»»

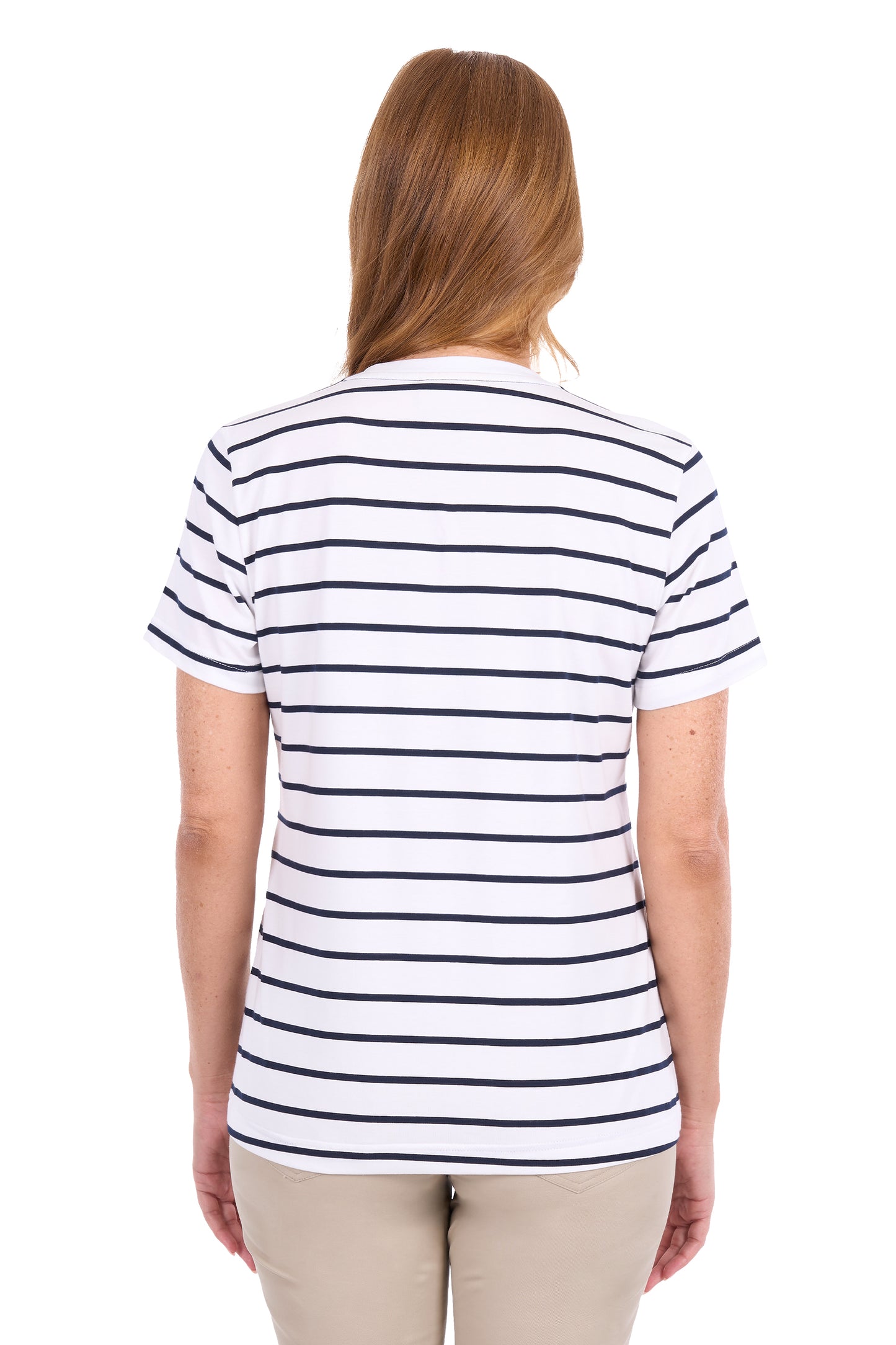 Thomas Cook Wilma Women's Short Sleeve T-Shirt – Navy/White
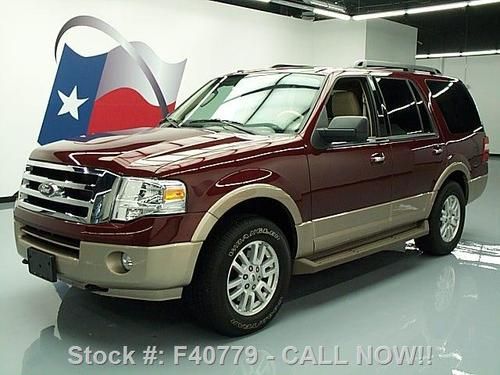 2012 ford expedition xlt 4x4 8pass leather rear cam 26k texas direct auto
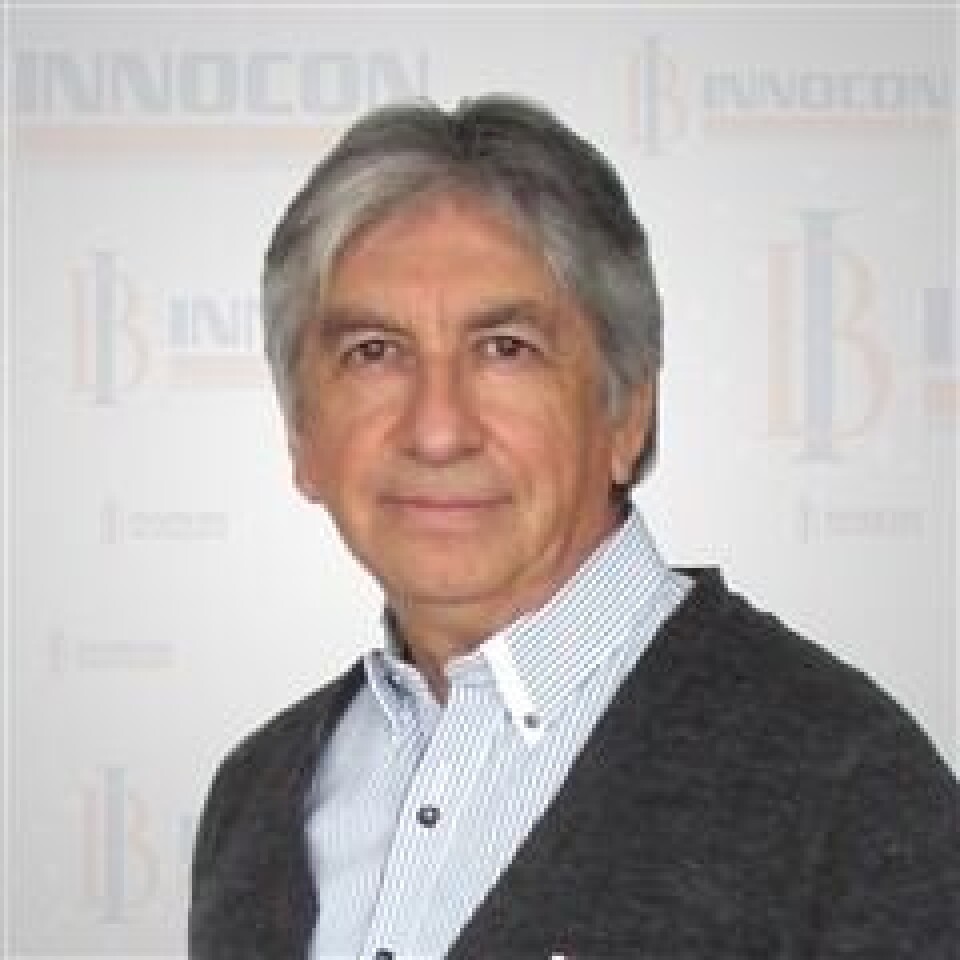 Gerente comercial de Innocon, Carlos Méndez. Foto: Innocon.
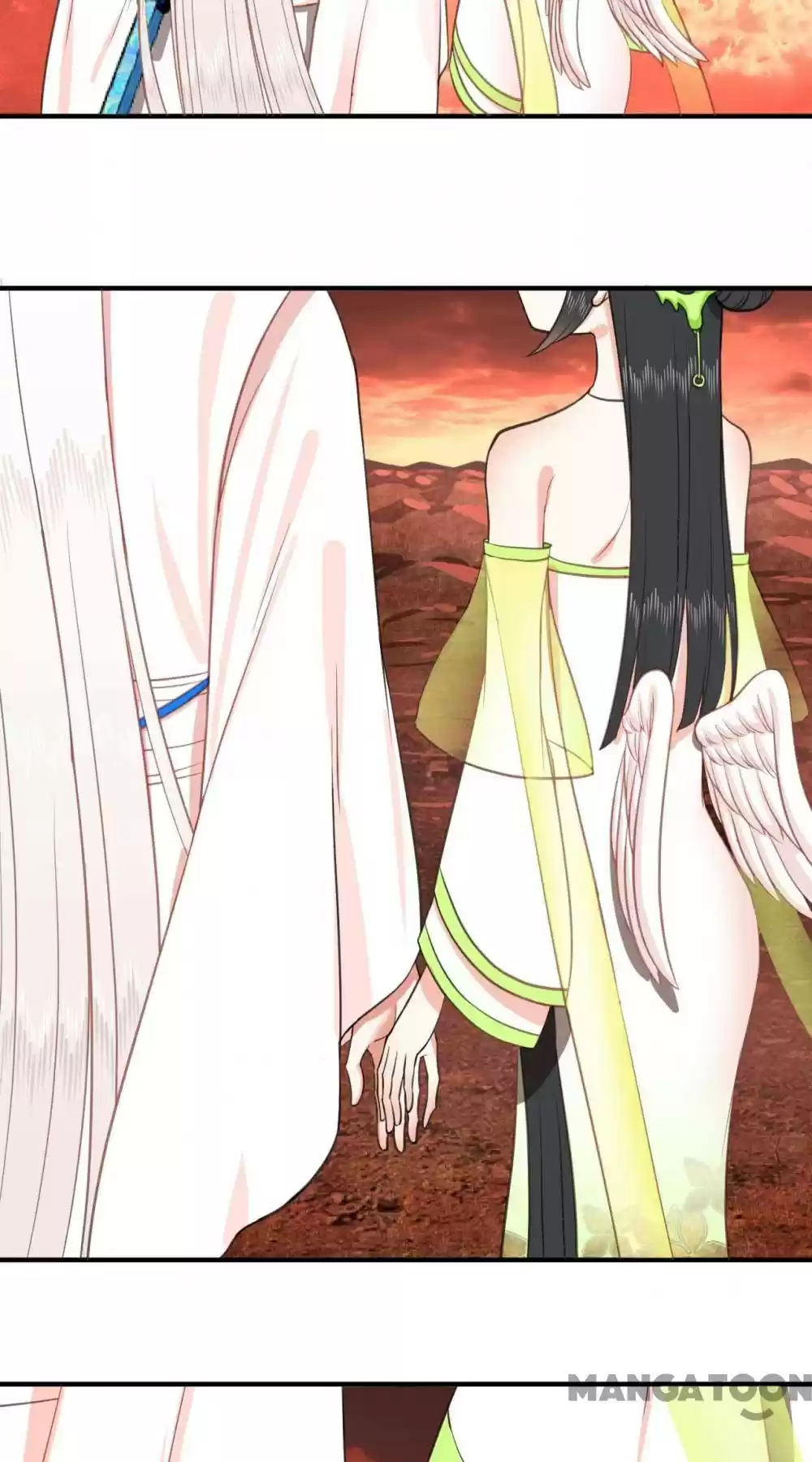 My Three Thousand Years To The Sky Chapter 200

««

» Directions: Without any pictures, repeat the listing exactly.

» Result for this task:
 Thomas Cook Wilma Women's Short Sleeve T-Shirt – Navy/White
 2012 ford expedition xlt 4x4 8pass leather rear cam 26k texas direct auto
 Gerente comercial de Innocon, Carlos Méndez. Foto: Innocon.
 My Three Thousand Years To The Sky Chapter 200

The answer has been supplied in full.